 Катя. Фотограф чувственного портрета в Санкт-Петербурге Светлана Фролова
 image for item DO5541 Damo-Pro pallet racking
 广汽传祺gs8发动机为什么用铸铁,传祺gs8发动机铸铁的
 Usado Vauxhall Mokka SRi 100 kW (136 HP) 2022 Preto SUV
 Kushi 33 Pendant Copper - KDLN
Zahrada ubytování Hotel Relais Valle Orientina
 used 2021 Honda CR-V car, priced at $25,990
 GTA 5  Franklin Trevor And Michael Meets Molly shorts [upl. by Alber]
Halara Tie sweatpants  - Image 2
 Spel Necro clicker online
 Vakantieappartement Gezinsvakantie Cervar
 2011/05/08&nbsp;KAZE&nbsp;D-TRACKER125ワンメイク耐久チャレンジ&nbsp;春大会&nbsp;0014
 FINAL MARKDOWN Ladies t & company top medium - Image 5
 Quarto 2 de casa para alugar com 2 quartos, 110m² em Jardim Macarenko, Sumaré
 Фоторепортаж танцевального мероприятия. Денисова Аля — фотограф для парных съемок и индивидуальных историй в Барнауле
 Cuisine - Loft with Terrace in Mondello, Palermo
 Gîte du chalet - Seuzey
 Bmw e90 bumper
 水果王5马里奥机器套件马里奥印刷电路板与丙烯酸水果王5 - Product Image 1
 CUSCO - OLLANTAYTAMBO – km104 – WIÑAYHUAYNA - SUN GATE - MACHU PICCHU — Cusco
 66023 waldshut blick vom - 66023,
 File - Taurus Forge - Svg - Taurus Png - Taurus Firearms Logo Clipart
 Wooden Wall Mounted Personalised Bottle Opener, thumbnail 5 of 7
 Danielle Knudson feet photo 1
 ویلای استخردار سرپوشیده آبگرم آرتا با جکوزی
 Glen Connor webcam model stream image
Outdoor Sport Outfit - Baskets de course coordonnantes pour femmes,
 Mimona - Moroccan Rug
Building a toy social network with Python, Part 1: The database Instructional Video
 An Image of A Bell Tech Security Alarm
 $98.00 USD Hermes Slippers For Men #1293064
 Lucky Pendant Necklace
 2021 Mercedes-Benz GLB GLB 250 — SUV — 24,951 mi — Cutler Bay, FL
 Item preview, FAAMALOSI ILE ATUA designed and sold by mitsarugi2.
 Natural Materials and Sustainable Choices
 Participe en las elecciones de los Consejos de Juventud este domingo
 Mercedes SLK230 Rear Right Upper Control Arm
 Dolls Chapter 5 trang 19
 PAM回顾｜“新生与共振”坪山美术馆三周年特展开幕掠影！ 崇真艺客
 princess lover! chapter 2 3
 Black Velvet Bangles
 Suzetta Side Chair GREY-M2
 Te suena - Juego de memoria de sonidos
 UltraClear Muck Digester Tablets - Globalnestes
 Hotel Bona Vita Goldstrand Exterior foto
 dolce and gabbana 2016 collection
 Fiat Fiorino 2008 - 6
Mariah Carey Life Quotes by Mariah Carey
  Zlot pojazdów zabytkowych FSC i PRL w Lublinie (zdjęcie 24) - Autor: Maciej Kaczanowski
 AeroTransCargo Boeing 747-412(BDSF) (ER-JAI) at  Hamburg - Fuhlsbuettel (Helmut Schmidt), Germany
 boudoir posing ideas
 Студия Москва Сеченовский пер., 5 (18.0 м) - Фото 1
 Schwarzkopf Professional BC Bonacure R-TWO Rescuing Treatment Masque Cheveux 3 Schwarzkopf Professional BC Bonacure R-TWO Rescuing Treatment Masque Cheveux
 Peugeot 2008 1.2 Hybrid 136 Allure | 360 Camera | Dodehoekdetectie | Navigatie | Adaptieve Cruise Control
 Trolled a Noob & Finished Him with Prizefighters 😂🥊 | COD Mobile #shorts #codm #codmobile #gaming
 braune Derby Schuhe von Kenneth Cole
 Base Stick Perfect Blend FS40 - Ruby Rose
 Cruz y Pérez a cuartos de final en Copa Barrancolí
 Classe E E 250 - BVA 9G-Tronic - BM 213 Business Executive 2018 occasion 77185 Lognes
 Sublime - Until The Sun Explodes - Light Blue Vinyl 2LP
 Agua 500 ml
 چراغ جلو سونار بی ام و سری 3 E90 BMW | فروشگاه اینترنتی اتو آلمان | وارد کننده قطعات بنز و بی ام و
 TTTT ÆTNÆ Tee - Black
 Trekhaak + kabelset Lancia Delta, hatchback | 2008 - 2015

* TASK BRIEF *
Output the material above exactly, but only from the line that carries "Suzetta Side Chair GREY-M2" through the line that carries "Peugeot 2008 1.2".

* THE ANSWER *
 Suzetta Side Chair GREY-M2
 Te suena - Juego de memoria de sonidos
 UltraClear Muck Digester Tablets - Globalnestes
 Hotel Bona Vita Goldstrand Exterior foto
 dolce and gabbana 2016 collection
 Fiat Fiorino 2008 - 6
Mariah Carey Life Quotes by Mariah Carey
  Zlot pojazdów zabytkowych FSC i PRL w Lublinie (zdjęcie 24) - Autor: Maciej Kaczanowski
 AeroTransCargo Boeing 747-412(BDSF) (ER-JAI) at  Hamburg - Fuhlsbuettel (Helmut Schmidt), Germany
 boudoir posing ideas
 Студия Москва Сеченовский пер., 5 (18.0 м) - Фото 1
 Schwarzkopf Professional BC Bonacure R-TWO Rescuing Treatment Masque Cheveux 3 Schwarzkopf Professional BC Bonacure R-TWO Rescuing Treatment Masque Cheveux
 Peugeot 2008 1.2 Hybrid 136 Allure | 360 Camera | Dodehoekdetectie | Navigatie | Adaptieve Cruise Control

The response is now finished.